FLOYD R. GIBSON, Circuit Judge.

C & S Acquisitions Corp. (“C & S”) appeals the district court’s 1 grant of summary judgment to Northwest Aircraft, Inc. (“Northwest”) in C & S’s action for alleged breaches of four aircraft lease agreements. C & S also appeals the district court’s 2 order which compelled the parties to arbitrate the three claims pertaining to the condition of the aircrafts’ airframes and engines. For the reasons set forth below, we affirm.

I. BACKGROUND

Pursuant to four lease agreements dated July 12, 1988, Northwest leased four non-advanced Boeing 727-200 aircraft from C & S. 3 Although each of the four leases concerned a separate aircraft, the lease provisions at issue are essentially identical. Each lease contained a section 9.23 in which the parties agreed to submit certain disputes to arbitration. Section 9.23 provides that:

Any dispute between [C & S] and [Northwest] regarding the condition of the Airframe or any Engine arising under Section 8 or 9 hereof shall be referred to and determined by the manufacturer of (respectively) the Airframe or Engine.

Appellant’s App. at 111. Each lease also contained a section 14 entitled “Remedies.” Section 14(e) stated that:

To the extent permitted by Applicable Law, [Northwest] hereby waives any rights now or hereafter conferred by statute or otherwise which may require [C & S], otherwise than in accordance with the provisions of this Section 14, to sell, lease or otherwise use the Airframe or any Engine in mitigation of [C & S’s] damages or which may otherwise limit or modify any of [C & S’s] rights or remedies under this Section 14-

Id. at 125 (emphasis added). Finally, the leases contained a section 17.1 entitled “Renewal Option” which provided that:

*624 (a) [Northwest] shall have the right, subject to the provisions set forth herein, to extend this Lease up to a maximum of three years in one or more successive periods of not less than one year and not more than three years (each such period being hereafter referred to as a “Renewal Term”), the first Renewal Term commencing at the end of the Basic Term and each of the following Renewal Terms (if any) commencing at the end of the immediately preceding Renewal Term.... The rental payable during any Renewal Term shall be the lesser of the Fail' Market Rental Value for the Aircraft or $93,500 per month....
(b) [Northwest] shall not renew any lease of a 727-200 aircraft so that the term of such lease would be extended into the period of time which would be covered by a Renewal Term hereunder without first providing written notice thereof to [C & S] and negotiating with [C & S] in good faith with respect to [Northwest] electing to extend this Lease pursuant to Section 17.1.

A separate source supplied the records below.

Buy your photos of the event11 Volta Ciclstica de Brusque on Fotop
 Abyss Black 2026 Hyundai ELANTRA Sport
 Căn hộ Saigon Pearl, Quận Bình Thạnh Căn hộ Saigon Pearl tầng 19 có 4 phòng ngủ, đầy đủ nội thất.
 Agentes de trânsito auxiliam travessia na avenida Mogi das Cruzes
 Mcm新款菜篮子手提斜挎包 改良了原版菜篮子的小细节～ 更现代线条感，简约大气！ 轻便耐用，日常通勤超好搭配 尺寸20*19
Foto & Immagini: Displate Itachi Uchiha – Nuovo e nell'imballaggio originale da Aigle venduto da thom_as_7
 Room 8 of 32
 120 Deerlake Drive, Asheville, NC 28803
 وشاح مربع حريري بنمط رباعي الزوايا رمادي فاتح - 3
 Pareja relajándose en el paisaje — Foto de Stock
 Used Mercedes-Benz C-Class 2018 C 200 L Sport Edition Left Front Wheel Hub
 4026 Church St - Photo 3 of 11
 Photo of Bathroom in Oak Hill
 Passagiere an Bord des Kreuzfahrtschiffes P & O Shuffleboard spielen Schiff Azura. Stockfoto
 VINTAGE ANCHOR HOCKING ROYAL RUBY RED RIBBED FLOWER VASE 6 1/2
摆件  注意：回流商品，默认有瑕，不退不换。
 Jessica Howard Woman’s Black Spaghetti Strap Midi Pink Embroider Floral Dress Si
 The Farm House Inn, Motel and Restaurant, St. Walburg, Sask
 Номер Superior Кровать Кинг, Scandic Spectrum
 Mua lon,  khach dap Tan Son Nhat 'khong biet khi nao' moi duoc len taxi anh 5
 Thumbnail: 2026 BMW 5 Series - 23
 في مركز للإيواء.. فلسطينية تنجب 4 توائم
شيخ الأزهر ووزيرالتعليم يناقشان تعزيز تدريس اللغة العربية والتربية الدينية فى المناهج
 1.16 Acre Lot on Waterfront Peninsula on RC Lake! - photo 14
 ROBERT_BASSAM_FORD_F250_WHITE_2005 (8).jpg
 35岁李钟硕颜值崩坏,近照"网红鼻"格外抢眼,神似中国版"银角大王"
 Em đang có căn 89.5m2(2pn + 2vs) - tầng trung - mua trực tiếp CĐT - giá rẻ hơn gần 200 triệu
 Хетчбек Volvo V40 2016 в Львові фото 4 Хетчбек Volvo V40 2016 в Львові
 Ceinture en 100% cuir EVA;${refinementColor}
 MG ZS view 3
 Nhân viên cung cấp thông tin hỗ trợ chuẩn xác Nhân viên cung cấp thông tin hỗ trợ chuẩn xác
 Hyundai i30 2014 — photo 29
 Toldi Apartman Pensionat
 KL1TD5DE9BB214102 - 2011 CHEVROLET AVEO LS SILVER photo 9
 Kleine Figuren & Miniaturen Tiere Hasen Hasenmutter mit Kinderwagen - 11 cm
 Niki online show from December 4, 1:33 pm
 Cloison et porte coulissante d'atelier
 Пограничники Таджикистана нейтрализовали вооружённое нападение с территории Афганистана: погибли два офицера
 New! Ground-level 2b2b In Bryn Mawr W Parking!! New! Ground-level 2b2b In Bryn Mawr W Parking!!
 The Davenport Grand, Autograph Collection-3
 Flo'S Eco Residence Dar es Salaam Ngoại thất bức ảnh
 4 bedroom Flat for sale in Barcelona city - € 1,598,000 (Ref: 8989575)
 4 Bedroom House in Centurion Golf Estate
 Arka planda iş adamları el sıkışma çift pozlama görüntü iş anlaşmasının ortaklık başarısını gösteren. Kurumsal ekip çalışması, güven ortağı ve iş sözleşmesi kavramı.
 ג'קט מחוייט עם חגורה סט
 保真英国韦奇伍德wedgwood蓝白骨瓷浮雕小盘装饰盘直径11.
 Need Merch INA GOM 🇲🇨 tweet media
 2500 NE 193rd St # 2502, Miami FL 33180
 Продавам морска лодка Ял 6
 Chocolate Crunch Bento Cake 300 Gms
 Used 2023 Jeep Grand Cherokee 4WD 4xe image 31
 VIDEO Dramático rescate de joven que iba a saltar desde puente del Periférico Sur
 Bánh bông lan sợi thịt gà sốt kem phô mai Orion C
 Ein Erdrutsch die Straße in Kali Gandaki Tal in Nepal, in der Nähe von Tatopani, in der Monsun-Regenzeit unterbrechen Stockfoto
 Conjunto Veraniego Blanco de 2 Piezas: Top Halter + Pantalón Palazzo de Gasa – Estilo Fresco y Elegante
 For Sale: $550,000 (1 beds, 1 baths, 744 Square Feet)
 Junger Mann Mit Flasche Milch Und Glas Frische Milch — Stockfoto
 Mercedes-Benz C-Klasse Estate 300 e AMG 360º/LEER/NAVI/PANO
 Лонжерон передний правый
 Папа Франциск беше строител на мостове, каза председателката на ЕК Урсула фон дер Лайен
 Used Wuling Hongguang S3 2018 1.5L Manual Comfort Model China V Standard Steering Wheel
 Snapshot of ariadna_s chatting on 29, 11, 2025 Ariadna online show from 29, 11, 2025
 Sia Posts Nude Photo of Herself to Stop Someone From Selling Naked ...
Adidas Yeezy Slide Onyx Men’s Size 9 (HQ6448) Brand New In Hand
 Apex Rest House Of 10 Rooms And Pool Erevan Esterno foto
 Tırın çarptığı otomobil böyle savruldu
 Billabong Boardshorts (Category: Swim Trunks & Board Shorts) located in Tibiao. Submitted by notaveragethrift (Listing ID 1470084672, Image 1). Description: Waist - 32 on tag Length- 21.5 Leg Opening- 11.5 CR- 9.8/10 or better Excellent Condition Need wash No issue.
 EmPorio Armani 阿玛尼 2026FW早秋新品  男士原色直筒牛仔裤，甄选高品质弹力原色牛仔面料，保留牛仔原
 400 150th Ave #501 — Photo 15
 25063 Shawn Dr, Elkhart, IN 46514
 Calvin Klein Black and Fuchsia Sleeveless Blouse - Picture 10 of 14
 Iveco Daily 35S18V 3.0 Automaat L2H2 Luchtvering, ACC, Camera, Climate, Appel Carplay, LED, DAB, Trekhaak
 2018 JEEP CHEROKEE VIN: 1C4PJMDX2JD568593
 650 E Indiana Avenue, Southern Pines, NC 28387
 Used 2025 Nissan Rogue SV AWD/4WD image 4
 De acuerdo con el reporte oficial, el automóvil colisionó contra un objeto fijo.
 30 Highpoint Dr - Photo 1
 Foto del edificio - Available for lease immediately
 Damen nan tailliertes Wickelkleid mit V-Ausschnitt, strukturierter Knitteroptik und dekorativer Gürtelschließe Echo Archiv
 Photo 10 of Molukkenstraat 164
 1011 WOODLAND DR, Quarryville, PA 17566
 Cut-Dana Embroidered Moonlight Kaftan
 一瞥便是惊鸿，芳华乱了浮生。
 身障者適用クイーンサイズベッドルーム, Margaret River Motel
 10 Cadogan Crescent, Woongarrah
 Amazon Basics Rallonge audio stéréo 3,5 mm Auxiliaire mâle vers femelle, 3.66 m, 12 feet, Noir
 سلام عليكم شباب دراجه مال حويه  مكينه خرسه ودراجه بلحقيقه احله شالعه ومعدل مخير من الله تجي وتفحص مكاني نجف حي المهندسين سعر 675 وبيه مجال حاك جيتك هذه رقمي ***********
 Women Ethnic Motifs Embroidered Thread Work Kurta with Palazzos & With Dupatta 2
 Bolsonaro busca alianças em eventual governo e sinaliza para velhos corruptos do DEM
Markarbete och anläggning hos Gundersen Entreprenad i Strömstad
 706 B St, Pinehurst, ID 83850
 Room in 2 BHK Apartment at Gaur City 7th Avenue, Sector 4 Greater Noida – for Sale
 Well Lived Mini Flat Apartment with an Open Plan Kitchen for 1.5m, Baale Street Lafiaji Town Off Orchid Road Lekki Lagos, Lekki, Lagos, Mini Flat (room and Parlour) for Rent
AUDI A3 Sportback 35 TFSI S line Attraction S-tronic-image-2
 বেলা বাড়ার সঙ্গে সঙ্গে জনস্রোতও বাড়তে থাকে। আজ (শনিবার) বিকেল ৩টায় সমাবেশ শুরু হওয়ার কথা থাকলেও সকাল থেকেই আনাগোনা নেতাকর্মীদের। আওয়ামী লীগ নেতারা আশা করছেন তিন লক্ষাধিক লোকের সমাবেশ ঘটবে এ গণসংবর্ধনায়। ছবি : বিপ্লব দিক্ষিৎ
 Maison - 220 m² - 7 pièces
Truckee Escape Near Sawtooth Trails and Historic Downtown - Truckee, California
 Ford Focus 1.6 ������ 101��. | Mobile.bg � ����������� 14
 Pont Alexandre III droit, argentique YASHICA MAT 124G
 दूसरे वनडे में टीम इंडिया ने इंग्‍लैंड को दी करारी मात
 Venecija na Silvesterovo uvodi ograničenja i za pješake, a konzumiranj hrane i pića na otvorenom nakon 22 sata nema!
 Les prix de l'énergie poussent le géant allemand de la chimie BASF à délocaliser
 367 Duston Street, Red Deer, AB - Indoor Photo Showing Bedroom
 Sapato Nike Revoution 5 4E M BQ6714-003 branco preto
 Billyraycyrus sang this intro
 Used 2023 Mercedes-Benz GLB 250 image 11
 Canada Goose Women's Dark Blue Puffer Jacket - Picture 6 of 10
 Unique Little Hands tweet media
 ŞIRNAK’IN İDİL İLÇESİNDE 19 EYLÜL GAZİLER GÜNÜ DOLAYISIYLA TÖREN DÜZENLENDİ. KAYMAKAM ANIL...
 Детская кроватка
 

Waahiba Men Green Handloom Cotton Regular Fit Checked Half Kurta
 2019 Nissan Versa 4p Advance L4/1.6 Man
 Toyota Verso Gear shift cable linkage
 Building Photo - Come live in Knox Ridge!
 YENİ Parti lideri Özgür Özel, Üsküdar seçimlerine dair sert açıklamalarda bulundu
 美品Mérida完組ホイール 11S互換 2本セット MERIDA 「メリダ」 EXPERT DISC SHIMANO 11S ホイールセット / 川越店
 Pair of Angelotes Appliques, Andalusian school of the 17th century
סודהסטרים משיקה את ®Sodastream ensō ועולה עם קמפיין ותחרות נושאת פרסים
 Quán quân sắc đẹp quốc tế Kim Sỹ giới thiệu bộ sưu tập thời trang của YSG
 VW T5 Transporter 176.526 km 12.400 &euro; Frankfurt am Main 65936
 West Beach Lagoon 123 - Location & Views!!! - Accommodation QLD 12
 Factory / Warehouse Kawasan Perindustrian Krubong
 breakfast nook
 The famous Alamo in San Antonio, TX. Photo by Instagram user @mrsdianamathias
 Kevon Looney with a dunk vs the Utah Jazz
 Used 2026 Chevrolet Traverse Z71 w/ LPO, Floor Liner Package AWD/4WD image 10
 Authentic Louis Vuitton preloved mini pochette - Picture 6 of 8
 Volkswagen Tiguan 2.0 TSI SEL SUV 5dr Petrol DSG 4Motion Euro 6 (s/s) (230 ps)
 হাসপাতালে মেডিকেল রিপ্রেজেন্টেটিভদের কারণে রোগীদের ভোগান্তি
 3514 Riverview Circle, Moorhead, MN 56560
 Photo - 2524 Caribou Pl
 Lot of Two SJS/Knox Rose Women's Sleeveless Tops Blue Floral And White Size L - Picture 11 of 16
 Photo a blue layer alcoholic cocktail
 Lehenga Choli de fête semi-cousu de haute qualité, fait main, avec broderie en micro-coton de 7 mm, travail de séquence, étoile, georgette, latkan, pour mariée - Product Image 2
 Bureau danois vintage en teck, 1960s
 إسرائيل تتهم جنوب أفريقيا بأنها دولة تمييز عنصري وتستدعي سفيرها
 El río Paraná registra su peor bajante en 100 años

Id. at 133-34 (emphasis added).

After the leases expired, Northwest returned the four aircraft to C & S. Upon inspecting the aircraft, C & S commenced this action against Northwest. The first three counts alleged deficiencies in the condition of the airframes and engines. 4 In Count IV, C & S sought to enforce section 17.1(b). Section 17.1(b) allegedly prohibited Northwest from renewing “any leases of Boeing 727-200 aircraft which it had under lease from other [l]essors which would extend the terms of those leases into a period of time which would be covered by a Renewal Term under any of the [l]eases” with C & S without first providing C & S with written notice and negotiating in good faith with C & S for the renewal of C & S’s four aircraft leases. Id. at 9-10. C & S contends that Northwest extended leases on other Boeing 727-200 aircraft during the renewal terms of its leases and deprived C & S of its opportunity to negotiate in good faith with Northwest to obtain the benefit of the lease renewals.

Invoking the arbitration provisions contained in the four leases, Northwest demanded that C & S arbitrate Counts I, II and III. After C & S refused to arbitrate, the district court, pursuant to the Federal Arbitration Act, 9 U.S.C. § § 1-16 (Í994), granted Northwest’s motion to compel binding arbitration of those counts, finding that Counts I — III fell within the scope of the arbitration agreement contained in section 9.23 of the leases. Because the arbitrators 5 named in the arbitration agreements declined to preside over the arbitration and the parties failed to agree on a replacement arbitrator, the district court appointed the Honorable Robert E. Bowen, a retired judge of the Hennepin County District Court, to serve as arbitrator. In issuing his decision on Counts I — III, Judge Bowen did not award C & S any recovery on these claims.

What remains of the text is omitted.